God, we are told, loved the common man; the proof is that he made so many of them.
America’s greatest photographer, Walker Evans, also loved the common man, most likely because he was not one of them.
San Francisco’s Museum of Modern Art has created a monumental retrospective of Evans’ work, from his earliest self-portraits in Paris to his men and women in the street, his photography of farmers, of churches, and then later works for Fortune Magazine.
The exhibition is open through February 4.
Evans was born to privilege in St. Louis in 1901. After attending private schools in New England, he tried college for a year, found it wanting, and began an uncommon life.
He traveled first to New York, where he indulged his passion for literature by hanging out in the New York Public Library.
He then went to Paris, where he caroused with the great Modernist artists of the day, who influenced his vision once he declared himself a photographer.
From the time that a camera was first thrust in Evans’ hands, he knew that this was what he wanted to do with his life.
He drank with Hemingway in Havana, photographing scenes of unrest, and smuggling those photographs back to the United States.

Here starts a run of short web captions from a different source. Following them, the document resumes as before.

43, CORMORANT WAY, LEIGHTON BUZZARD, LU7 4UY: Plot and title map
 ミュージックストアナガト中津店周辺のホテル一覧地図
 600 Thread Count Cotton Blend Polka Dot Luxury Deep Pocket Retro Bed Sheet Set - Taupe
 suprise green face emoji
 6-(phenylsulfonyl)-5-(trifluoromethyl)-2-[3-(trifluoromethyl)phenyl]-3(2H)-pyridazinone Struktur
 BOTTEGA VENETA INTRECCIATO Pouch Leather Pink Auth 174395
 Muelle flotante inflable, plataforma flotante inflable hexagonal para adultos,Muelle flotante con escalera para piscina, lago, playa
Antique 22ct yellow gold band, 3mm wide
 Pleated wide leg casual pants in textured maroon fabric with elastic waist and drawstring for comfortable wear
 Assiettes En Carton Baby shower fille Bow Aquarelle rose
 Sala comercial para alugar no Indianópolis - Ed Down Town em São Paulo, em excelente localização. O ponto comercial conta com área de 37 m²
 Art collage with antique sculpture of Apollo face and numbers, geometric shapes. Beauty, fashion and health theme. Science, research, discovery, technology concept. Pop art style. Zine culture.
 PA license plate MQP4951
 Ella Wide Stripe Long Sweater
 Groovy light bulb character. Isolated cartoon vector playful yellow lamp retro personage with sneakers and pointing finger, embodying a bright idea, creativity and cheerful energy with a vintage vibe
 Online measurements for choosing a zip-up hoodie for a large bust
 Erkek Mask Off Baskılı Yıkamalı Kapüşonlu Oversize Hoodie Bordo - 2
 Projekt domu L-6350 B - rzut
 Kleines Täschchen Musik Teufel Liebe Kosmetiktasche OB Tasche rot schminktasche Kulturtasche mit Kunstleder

He spent the rest of his long life photographing not great scenes in nature like Ansel Adams, but regular folks, storefronts, small Southern churches, and anything else that caught his eye.
Just as Hemingway bridged the gap from stuffy 19th century literature to modern fiction, so Evans created the link between the formal photography that we associate with the late 19th century and realistic photography of the mid-20th century.
Evans would set up a camera on Chicago street corners and snap photos of random passersby, or he would smuggle a camera under his coat and take photos, then at illegal activity, inside New York subway trains.
He caught people as they were, and his artfulness consisted, as he said, as studiously avoiding anything like obvious artfulness in his work.
His subjects were what they were—attractive or average, middle class or poor, but above all, and at all times, real.
Evans is best known for the work he did photographing migrant farmers and their families during the Great Depression. He actually got a grant from the federal government to take photos of farm folks in order to show that government programs to support them were effective.
Once on the scene, Evans discarded any idea of creating government propaganda and instead created haunting, unforgettable images of the farmers, their spouses, their small children, and their ramshackle homes.
The debate lingers whether he captured them in their dignity or tore it from them by presenting them in such a realistic light.
However you come out on that one, it’s inarguable that Evans is the premier visual chronicler of the first half of the American century, when we strove as a nation to become bigger, better, and more successful, with much of that success coming on the backs of the working poor.
An accomplished writer as well as a photographer, Evans worked for Time Life for years, occasionally contributing photo essays, often contributing writing, and otherwise depicting America in all its simplicity and diversity.
Evans died in 1975, and he enjoyed a new run of fame in the years immediately after his death, with a major exhibition of his work at New York’s Museum of Modern Art.
Now SFMOMA has resurrected the reputation of the great photographer, in an exhibit so large that it still goes over across two huge sets of galleries.
You also will find a video of Evans talking about his approach to photography and the work of some of his early contemporaries, people who gave direction to his nascent artistic vision.
If you’re going to San Francisco, make sure you visit the Evans exhibition at SFMOMA.
You’ll come face to face with an America long gone, but thanks to Evans’ keen eye, never to be forgotten.